Entries shown =

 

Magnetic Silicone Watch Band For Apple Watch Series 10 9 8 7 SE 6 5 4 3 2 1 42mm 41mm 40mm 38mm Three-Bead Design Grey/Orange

...

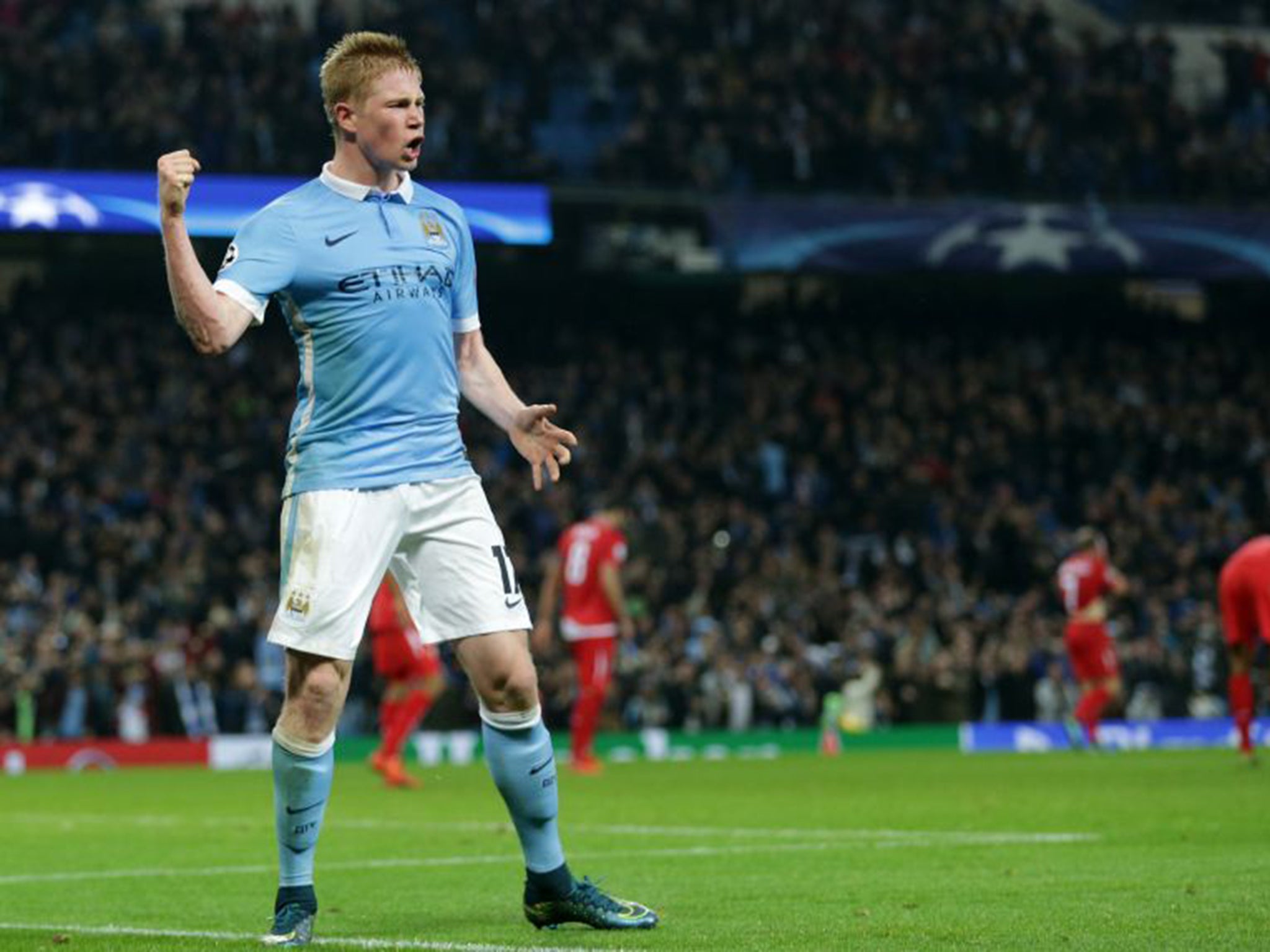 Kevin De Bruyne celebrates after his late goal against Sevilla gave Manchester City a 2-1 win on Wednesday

--

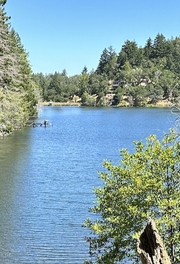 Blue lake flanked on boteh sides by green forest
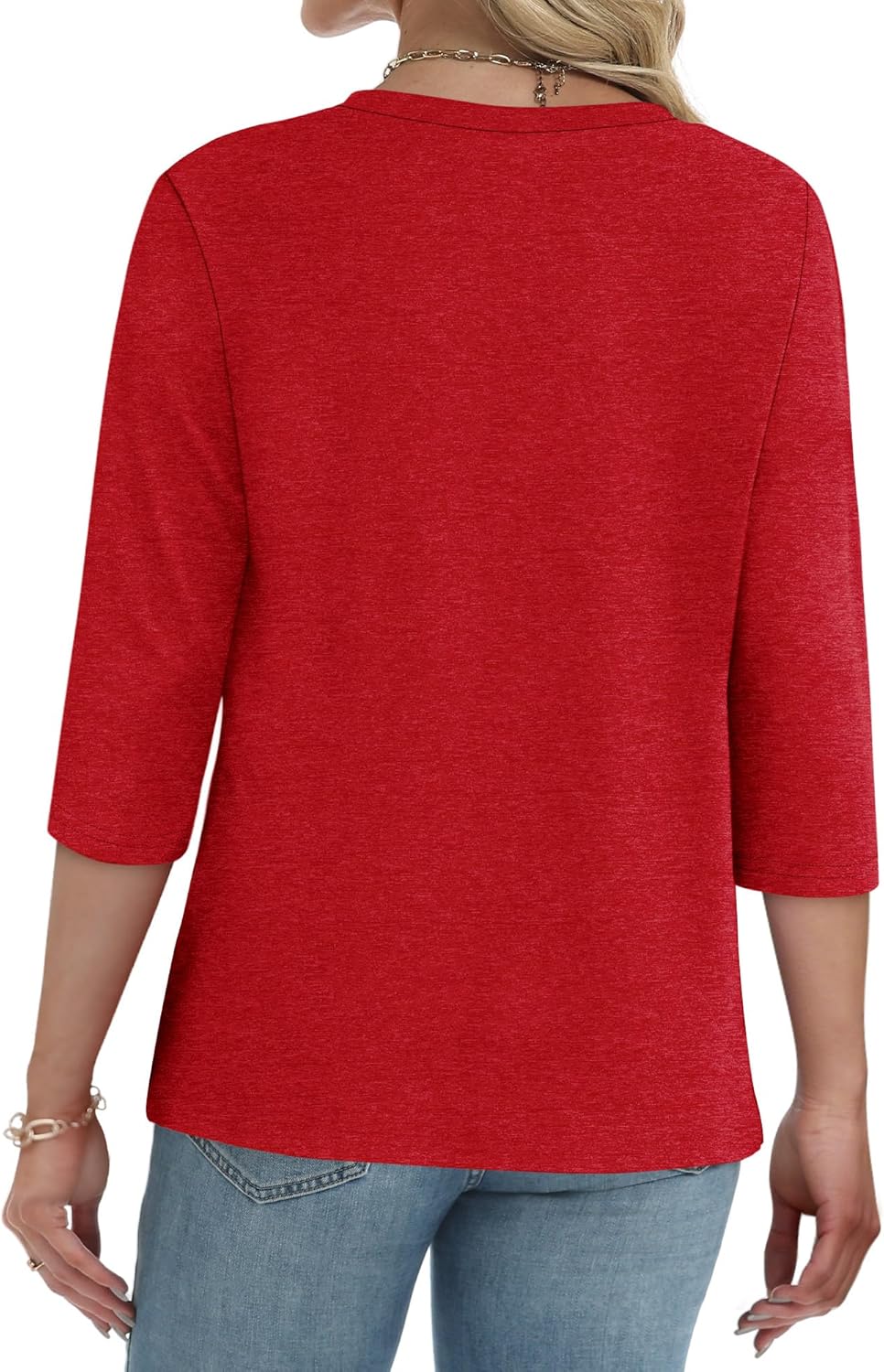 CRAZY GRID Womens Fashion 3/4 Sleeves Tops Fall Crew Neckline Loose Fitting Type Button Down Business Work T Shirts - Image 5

What you will do = Only one stretch of the material above is wanted: the line containing "Blue lake flanked" through the line containing "CRAZY GRID Womens". Restate it word for word, minus the pictures.

Reply to the exercise =
 Blue lake flanked on boteh sides by green forest
 CRAZY GRID Womens Fashion 3/4 Sleeves Tops Fall Crew Neckline Loose Fitting Type Button Down Business Work T Shirts - Image 5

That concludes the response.